Morning news: crackdown, ratings, rage, and 70-year-old investors
Opinion: More Cryptocurrency Crackdowns to Follow Weiss Issues Cryptocurrency Ratings Record Number of Cryptocurrency Enquiries Investors Rage at Government Regulations
Catch up on the most essential cryptocurrency and blockchain news stories breaking in Asia and the Americas while the rest of the world was asleep.
Standard Chartered Chief: More China-style Cryptocurrency Crackdowns to Follow
Bill Winters, CEO of financial giant Standard Chartered, says he thinks widespread global government regulation is on the cards for cryptocurrency investors. He explains that the fact that central banks have no control over cryptocurrencies “is appealing for a big chunk of people,” but warns China and South Korea-style crackdowns could be on the cards elsewhere in the world. Winters also says Standard Chartered is “extremely interested in blockchain” and that the company is already a “leader” in the technology.
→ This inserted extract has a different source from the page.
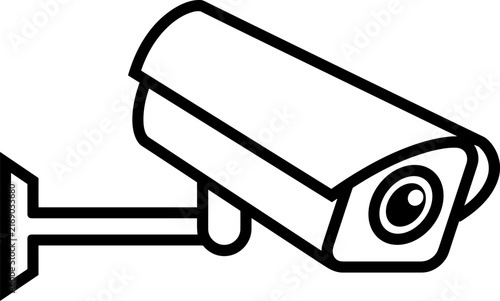 Security cctv camera line icon. Vector illustration.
Weiss Issues Cryptocurrency Ratings, Fights “Korean” DDos Attacks
American independent financial ratings agency Weiss has been hit with a spate of cyberattacks it says came “from Korea” as it issued its eagerly awaited cryptocurrency ratings. The Weiss ratings placed ethereum and EOS ahead of bitcoin. No currency garnered a top score of A, but there were B ratings for both ethereum and EOS, with bitcoin receiving a “fair” rating of C+.
Weiss claimed bitcoin “falls short in two important areas: risk and technology,” although it admitted bitcoin was strong in terms of adoption and branding. The company admitted that it had been the victim of DDoS attacks “from Korea,” and stated, “We’re seeing a barrage of criticism on the web, especially from disappointed bitcoin and ripple fans.” Weiss also said, “Ratings are not a science. They are, and always will be, a work in progress.”
Japanese Consumer Advisory Services Dealing with Record Number of Cryptocurrency Enquiries
The number of Japanese people seeking consumer advice pertaining to cryptocurrency-related matters skyrocketed in 2017. Citizen advisory bodies across the country received over 2,000 enquiries. The figure increased threefold from 2016, when just over 600 cases of this sort were lodged, according to statistics released by the National Consumer Affairs Center of Japan (NCACJ).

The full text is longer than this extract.